A major shake-up in the newspaper business has been all over the media, which can only mean one thing: Not much else is going on this week. Otherwise, why bother telling us that media magnate Rupert Murdoch has purchased Dow Jones (which is apparently the company that publishes The Wall Street Journal and not a stout old man in suspenders, as I’d always assumed)? Many fear that Murdoch’s sensational style of journalism could destroy the credibility of the Journal, the premier source of news for the financial world and people who wish that photographs were never invented. But those media worrywarts are forgetting a very important fact: Nobody reads newspapers anymore.
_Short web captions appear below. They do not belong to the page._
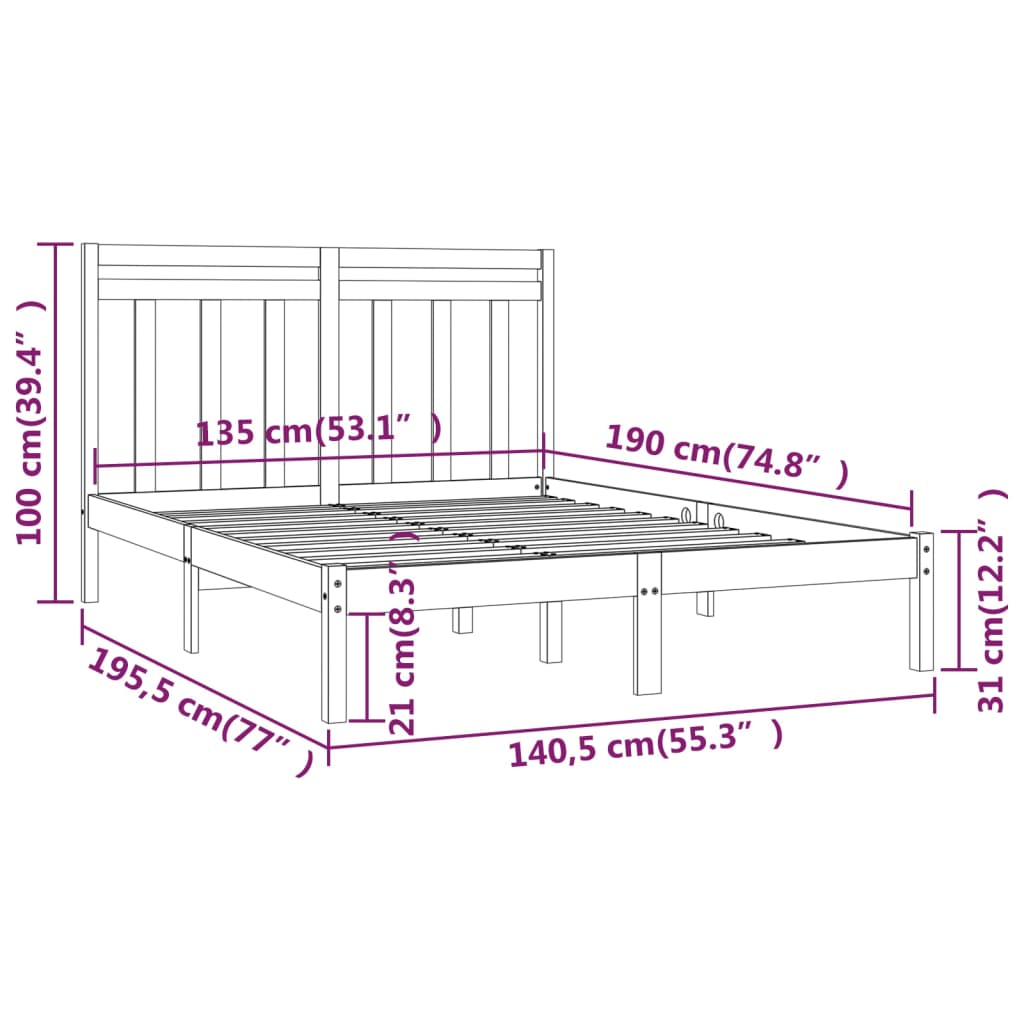 vidaXL Giroletto Nero in Legno Massello 135x190 cm Double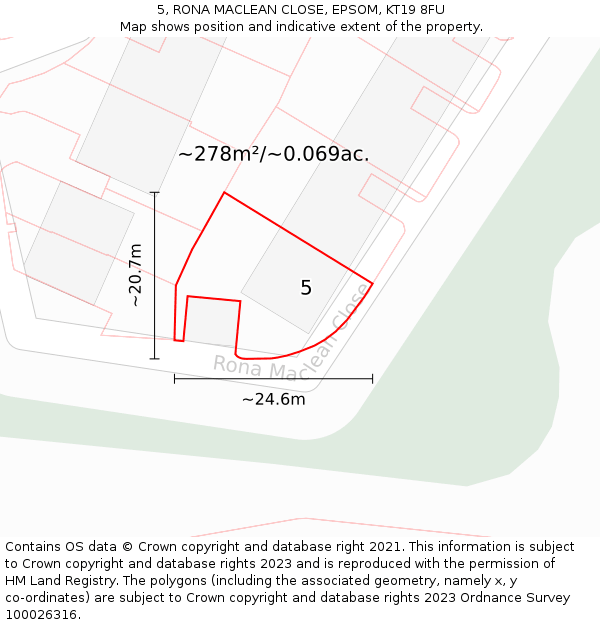 5, RONA MACLEAN CLOSE, EPSOM, KT19 8FU: Plot and title map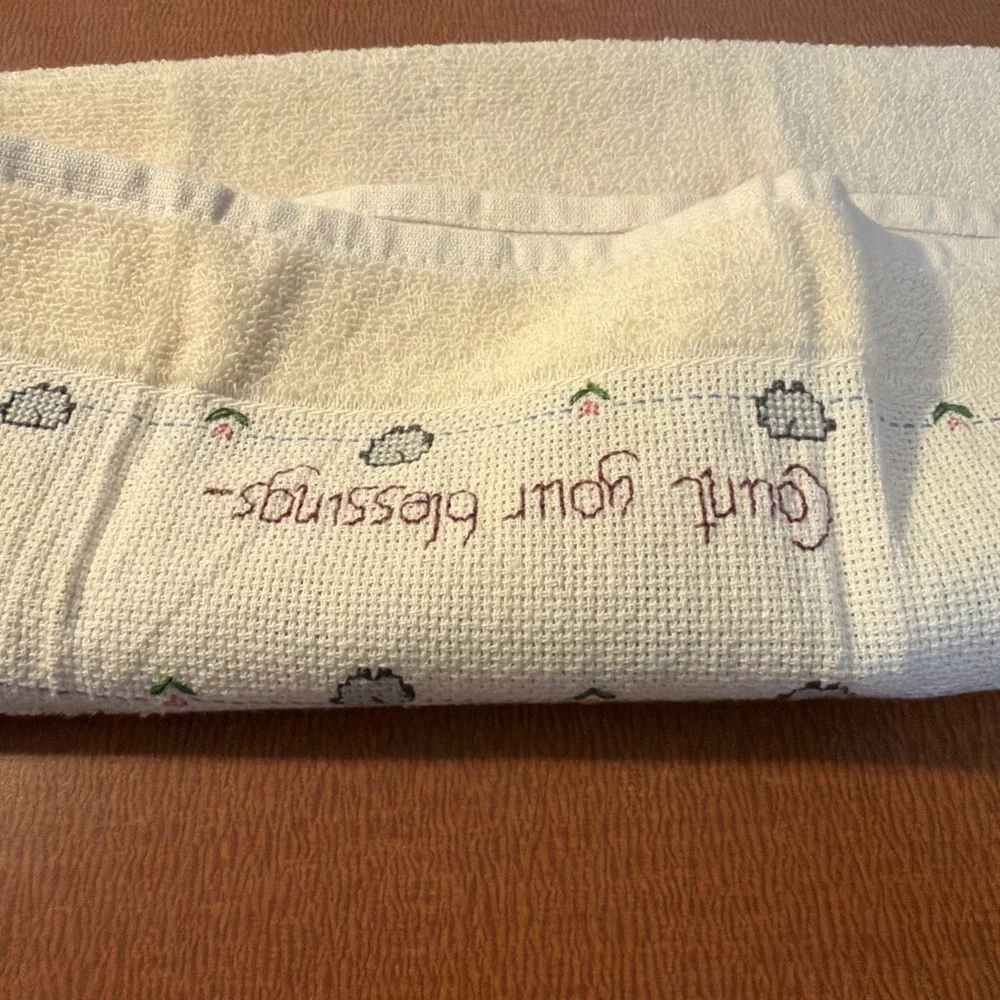 Handmade Cross Stitch Hand Towel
It’s true that for many years, newspapers were the only way to get the news. But that was a different time, when people were less focused on up-to-the-minute information and more focused on not being eaten by dinosaurs. A printed paper filled with day-old stories worked just fine back then. Ever since the Ice Age, however, and the introduction of technologies such as television, the Internet and mental telepathy, newspaper sales have plummeted. As this very copy of Metro shows, the only way to get most people to read a newspaper is to literally force it into their hands. Even then they usually just flip to the brilliant Friday humor column, laugh uproariously and then throw the rest away.
I’ll admit something’s wrong with Murdoch’s purchase of The Wall Street Journal, but it has nothing to do with sensationalism. It’s that he’s now involved in one of history’s most shameful invasions of privacy. As I understand it, a journal is meant to be a secret place where Wall Street can record its most personal thoughts, feelings and fantasies. That anyone is reading Wall Street’s journal at all is rude. For them to distribute it for others to laugh at is simply outrageous.
In the end, Rupert Murdoch can’t destroy the American newspaper because there will always be a place for it in our society. Though obsolete as a medium for news, opinions, movie reviews, cartoons, crossword puzzles or classified advertisements, there’s still one thing it can do better than the Internet ever can: Wrap up fish. Quell your anxieties, newspapers. Unless Apple comes out with some sort of computerized iWrap fish containment system — which would be pretty awesome — I think you’re going to be all right.
Elliott Kalan is a producer for “The Daily Show with Jon Stewart.” He co-hosts the online comedy show “Fist City.”